Encrypted headers serialize as "enc:keyHash:iv:cid". The KeyProvider protocol maps key hashes back to keys for decryption:

public protocol KeyProvider {
    func key(for keyHash: String) -> SymmetricKey?
}
Path-based encryption
You can encrypt "accounts/alice/balance" with Alice's key and "accounts/bob/balance" with Bob's key — all in the same tree. Nodes without encryption are publicly verifiable; encrypted nodes require the correct key to read but their CIDs remain valid for proof verification.

Sparse Merkle Proofs

Generate minimal subtrees that prove specific facts about the data without revealing the entire structure.

enum SparseMerkleProof {
    case insertion   // prove key doesn't exist (safe to insert)
    case mutation    // prove key exists (can be updated)
    case deletion    // prove key exists with neighbors
    case existence   // prove key exists
}

Example

// Prove that "alice" exists in the dictionary
let proofPaths = ArrayTrie<SparseMerkleProof>()
    .setting(path: ["alice"], value: .existence)

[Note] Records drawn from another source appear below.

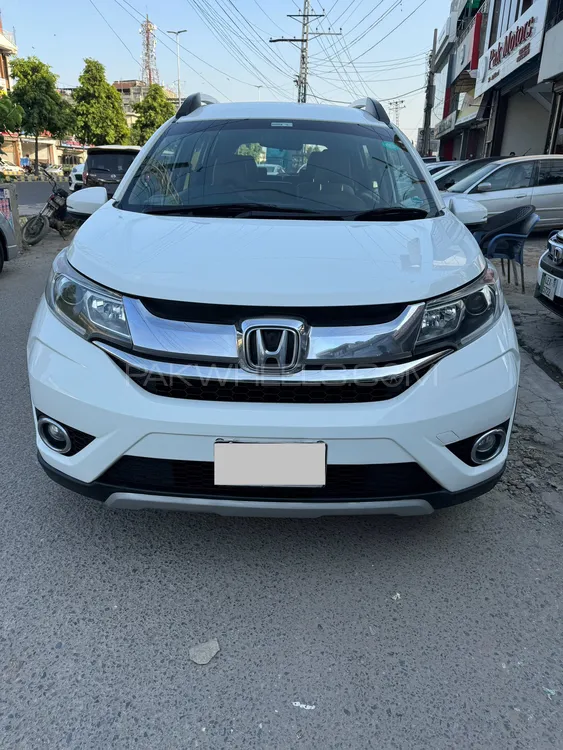 Honda BR-V 2017 for Sale in Lahore Image-1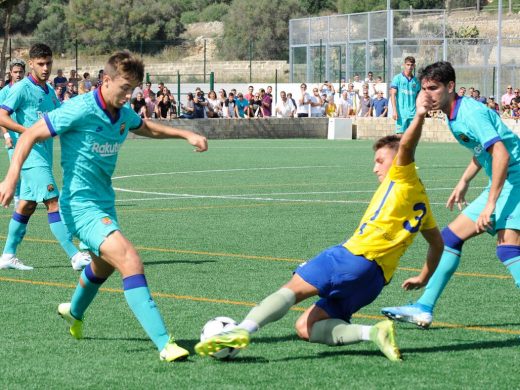 (Vídeo y galería de fotos) Lleno histórico y triunfo del Barça en Es Castell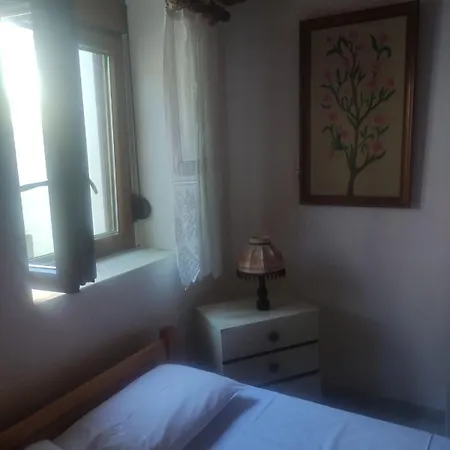 Apartment Traditional Cozy House Tríkeri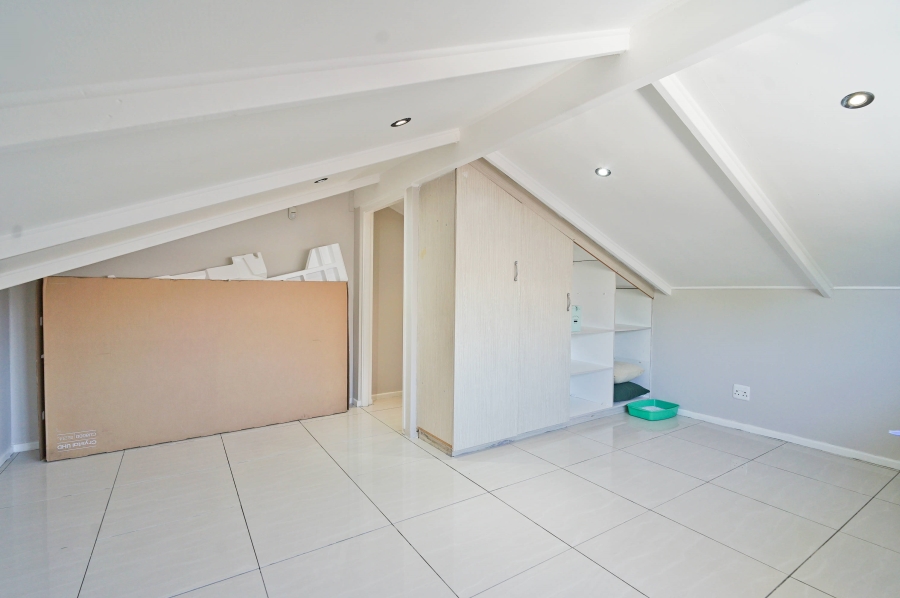 4 Bedroom Property for Sale in Winterstrand Eastern Cape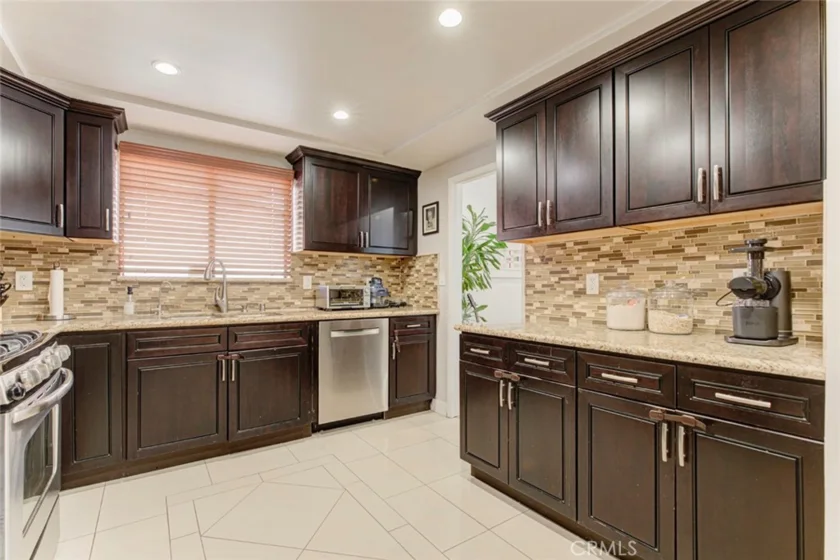 6847 Haskell Avenue #1 photo 16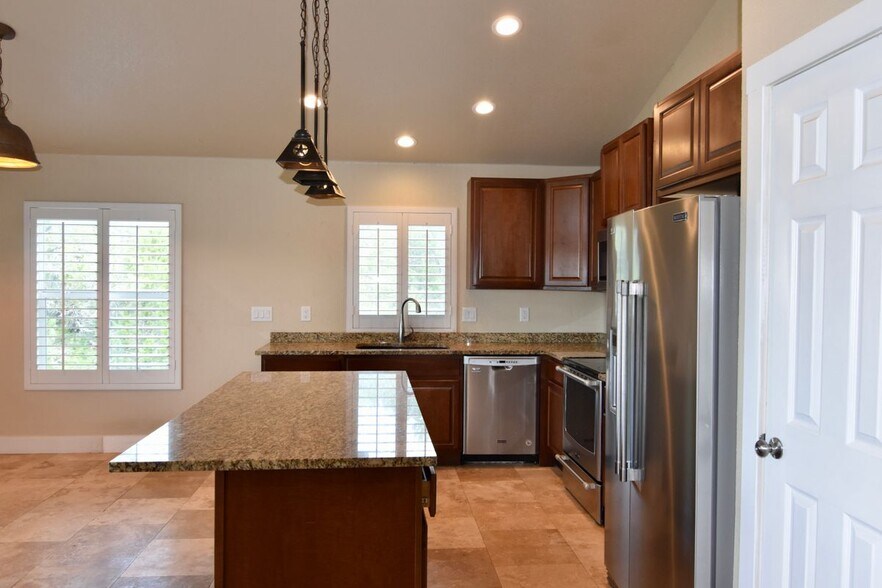 Building Photo - 112 Ridge Harbor Dr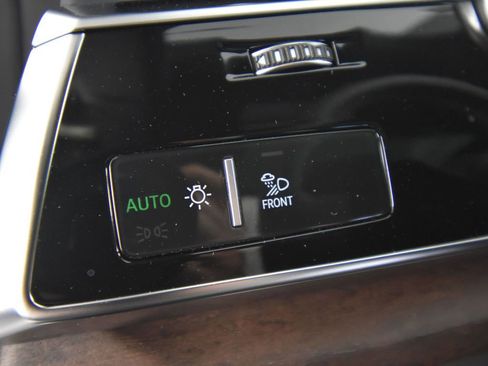 New 2026 Audi Q8 Premium Plus image 25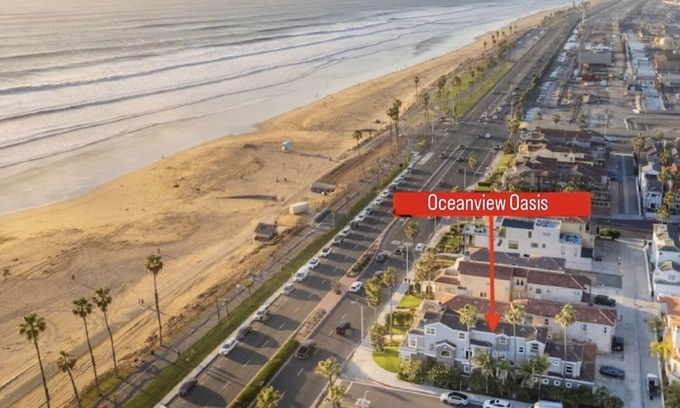 Santa Ana Heights House | Oceanview Oasis: 6-Bedroom Beachfront Retreat with Spa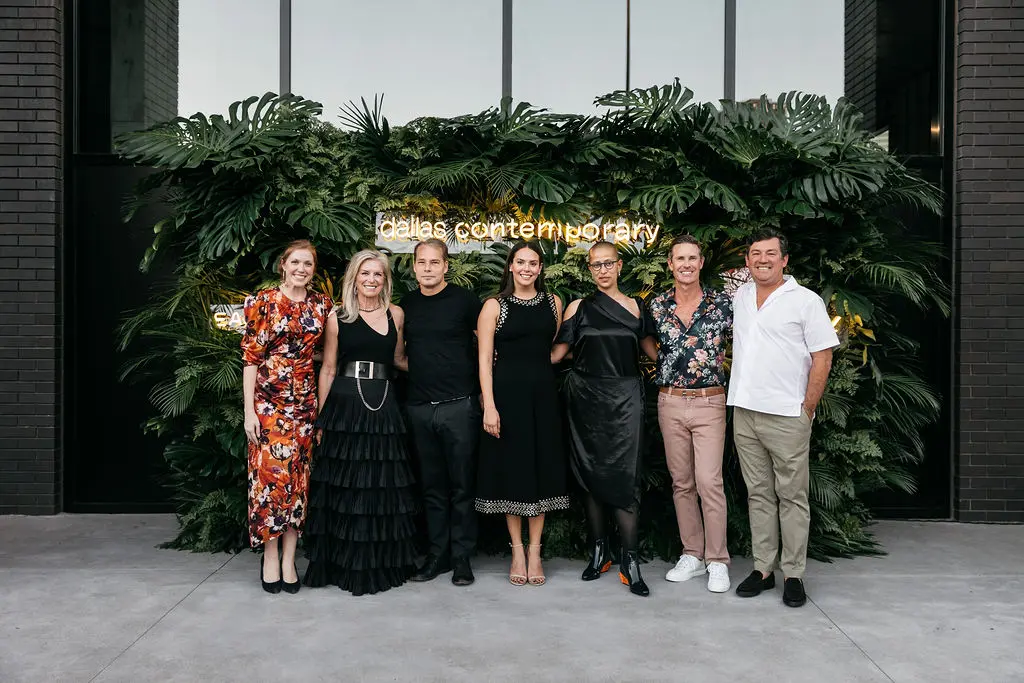 Curator Emily Edwards, chair Karla McKinley, honoree Shepard Fairey, Dallas Contemporary executive director Carolina Alvarez-Mathies, honoree Gabrielle Goliath, chair Shelby Wagner, curator Pedro Alonzo at the Dallas Contemporary Gala (Photo by Rebecca Patton)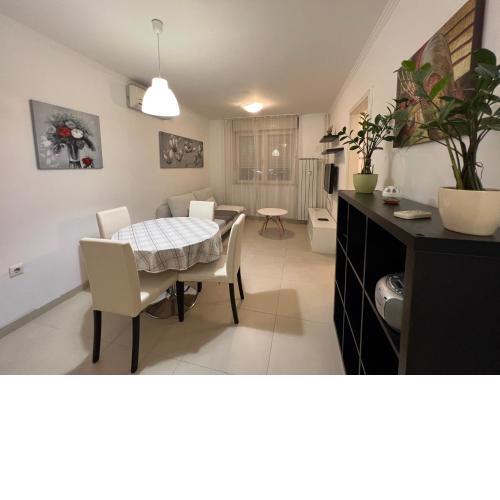 Apartments Flores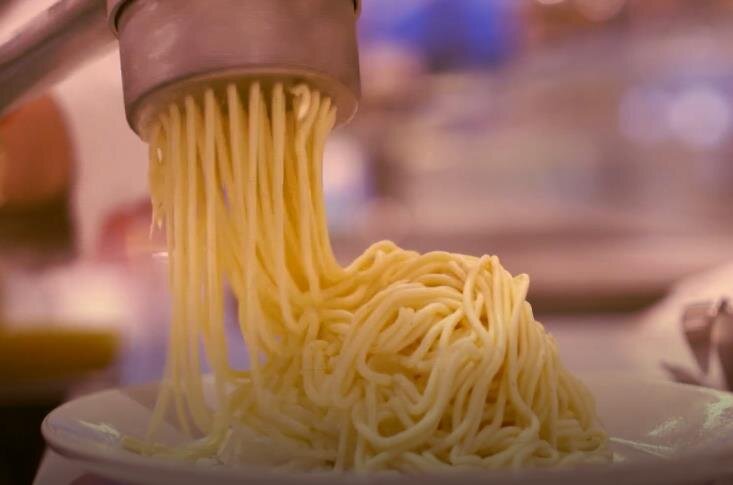 Нет ничего более итальянского чем спагетти? Уже есть. Это - мороженое спагетти.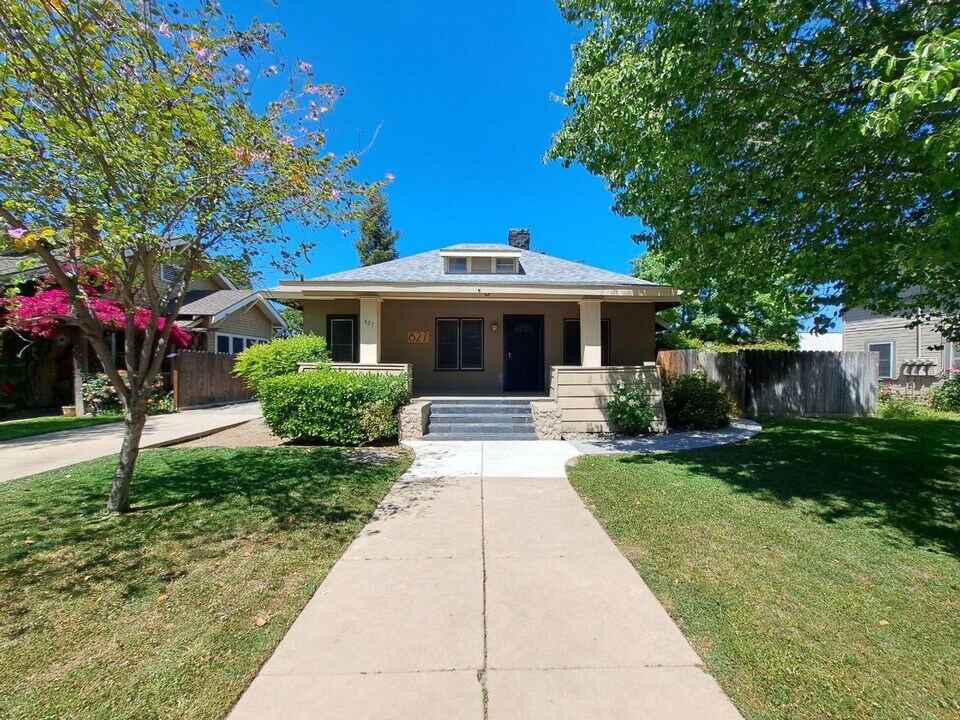 827-829 E Dudley Ave in Fresno, CA - Building Photo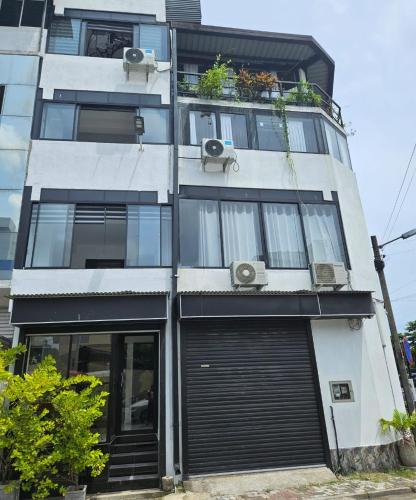 Bangunan di mana terletaknya inn ini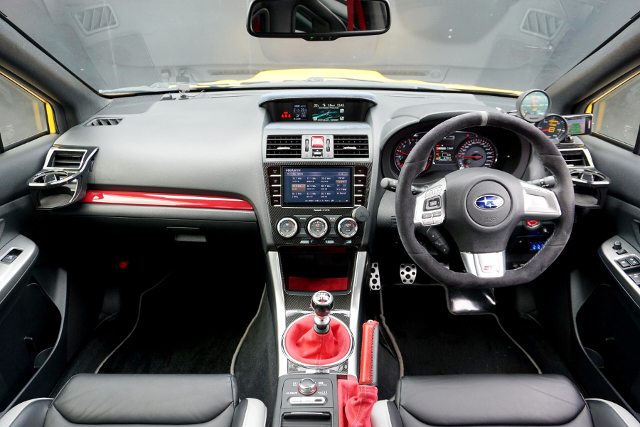 Interior of S207 NBR CHALLENGE PACKAGE YELLOW EDITION with PANDEM WIDEBODY.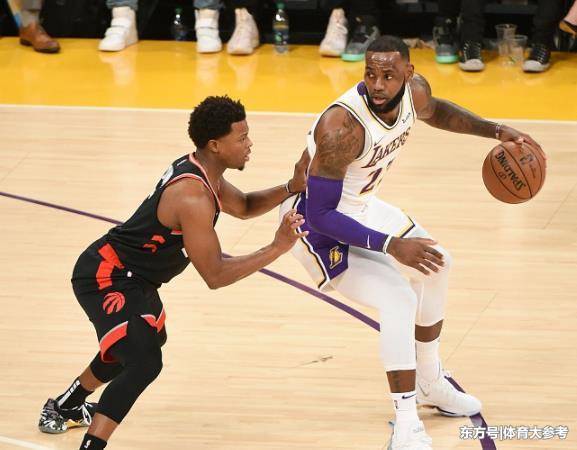  布克四十五分太阳全民皆兵轻取马刺获三连胜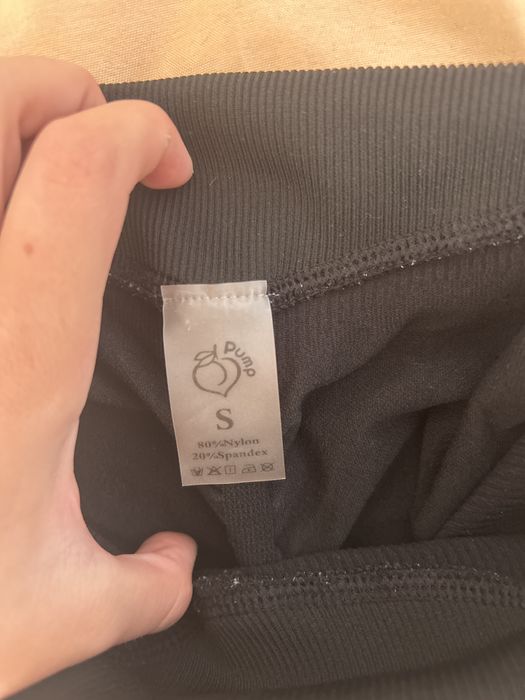 Рипсан уформящ черен клин. В много добро състояние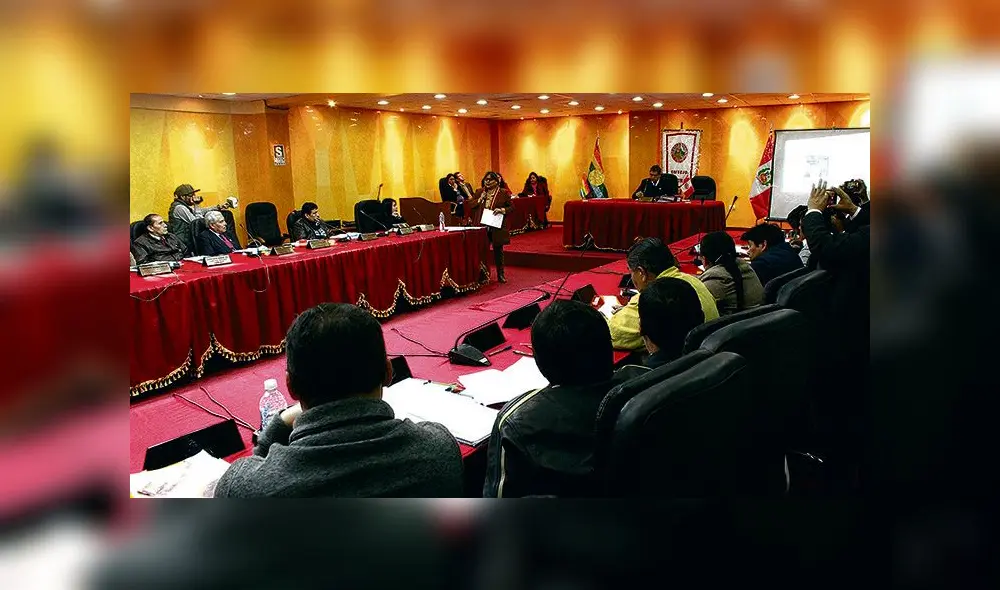 pleno. Consejeros prefieren proteger gente cuestionada que cumplir con su función política. pleno. Consejeros prefieren proteger gente cuestionada que cumplir con su función política.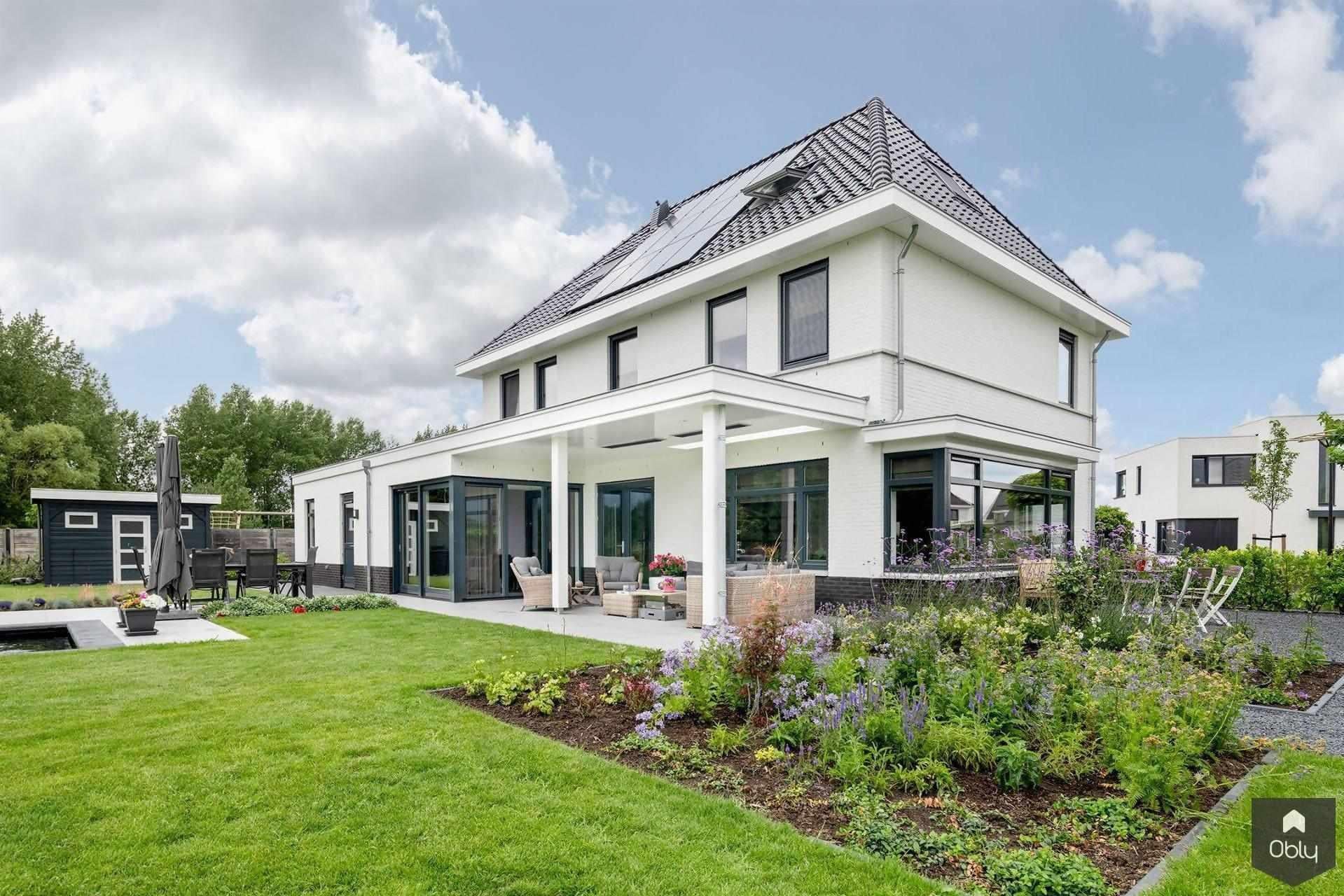 Moderne zwart wit villa-Verswijver Interieurconcepten-alle,Badkamer,Exterieur vrijstaand,Keuken,Tuinen,Vrijstaand,Woonkamer-Moderne zwart wit villa | OBLY.com-OBLY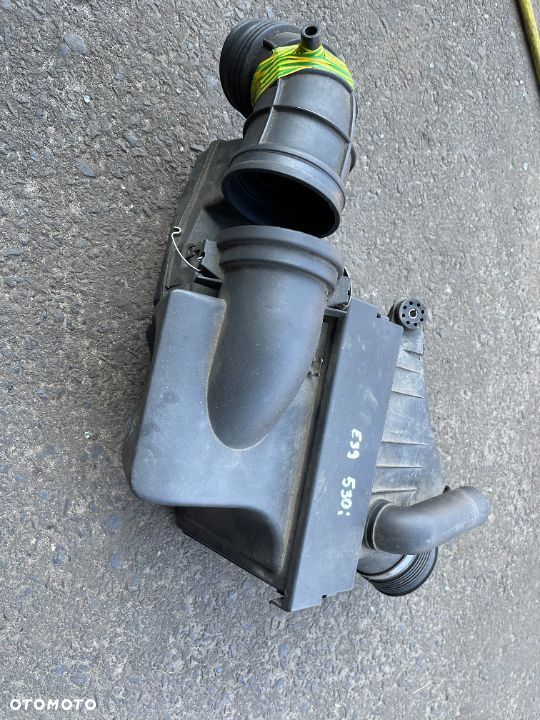 Obudowa filtra powietrza puszka dolot Bmw e39 530i M54B30 - 2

let proof = try await root.proof(paths: proofPaths, fetcher: fetcher)
// `proof` is a minimal subtree containing only the nodes
// needed to verify "alice" exists, with the same root CID

A verifier can recompute the root CID from the proof subtree and compare it against the known root. If they match, the proof is valid. No trusted third party needed.

Diffing

Compute the exact set of changes between two versions of a structure:

let changes = old.diff(from: new)

changes.inserted   // [key: value] of new entries
changes.deleted    // [key: value] of removed entries
changes.modified   // [key: ModifiedEntry] with old/new values
changes.changeCount

CashewDiff

public struct CashewDiff {
    public var inserted: [String: String]
    public var deleted: [String: String]
    public var modified: [String: ModifiedEntry]
    public var changeCount: Int
}

public struct ModifiedEntry {
    public var old: String
    public var new: String
    public var children: CashewDiff  // recursive for nested structures
}

Diffing is structural — it walks both tries simultaneously and only visits nodes whose CIDs differ. Identical subtrees are skipped entirely, making it efficient even for very large structures.

Query Language

Cashew includes a built-in query language for reading and mutating structures without writing Swift code:

// Get a value
let (_, result) = try root.query("get 'alice'")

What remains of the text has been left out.